Taxes are paid when you purchase the unit I think, but there isn't the equivalent you are talking about in Canada. Mind you, you don't have to pay that in NZ either, so this is not a direct apples with apples comparison that you get what you pay for. Canada likes taxing people, some other places don't. But nevertheless, you should choose the building carefully, or you may get less than what you pay for (which is already not going to be much).

Link to comment
Share on other sites

What stevero says about the sinking fund is samesame canada where we call it the contingency fund.

When buying a condo in canada its important to request the minutes of the strata council (the governing body of the building which is registered as a corporation).

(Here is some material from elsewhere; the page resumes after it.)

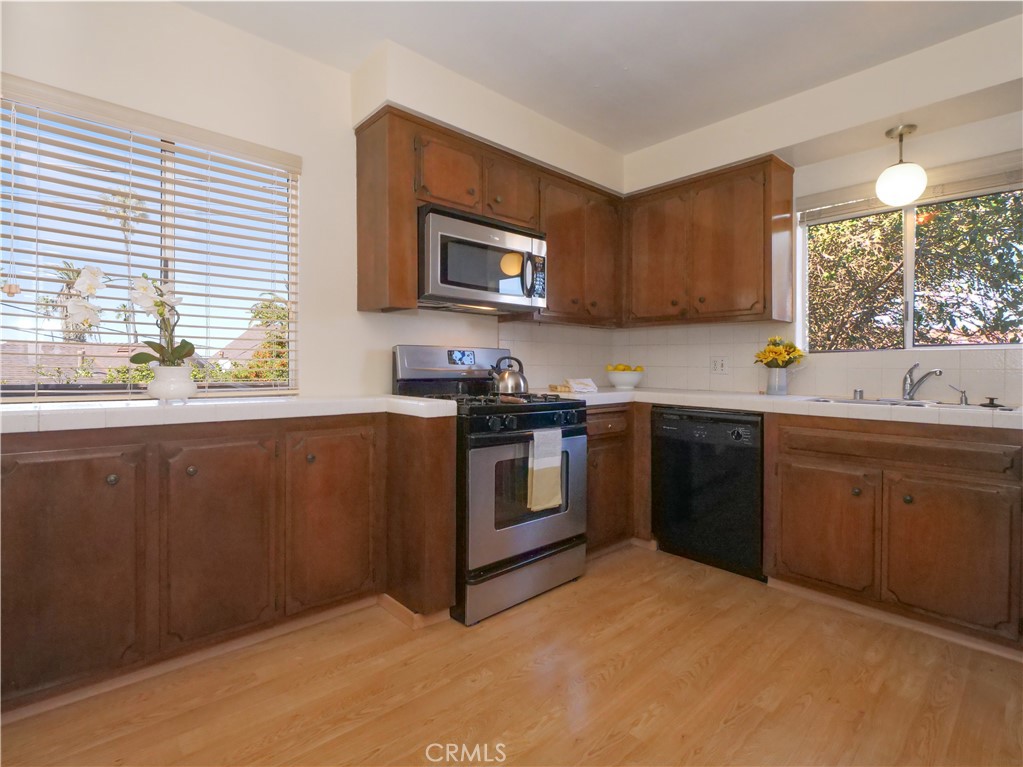 156 Vía Los Altos Redondo Beach, CA 90277 - Photo 11 of 25 a kitchen with a sink stove and cabinets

The minutes of the monthly meetings over a period of time can reveal any recurring problems and how they are dealt with as well as the health of the contingency fund.

Somehow I have a hard time imagining getting hold of such documents in LoS.

There are also maintenance scams such as contracting work to the owner's briother-in-law company at excessive rates ("Oh, that is because he use garbage bags made from diamond dust, velly good bag!") and so on.

The long-term upkeep is the bugaboo for me re buying a Thai condo. When the building goes to ratshit in 10 years it is unsellable except to a falang.

Thais only want new stuff so the biggest potential resale market is pretty well written off.

IMO, better to rent then if the building starts to crap out you can move and you don't have any $ tied up.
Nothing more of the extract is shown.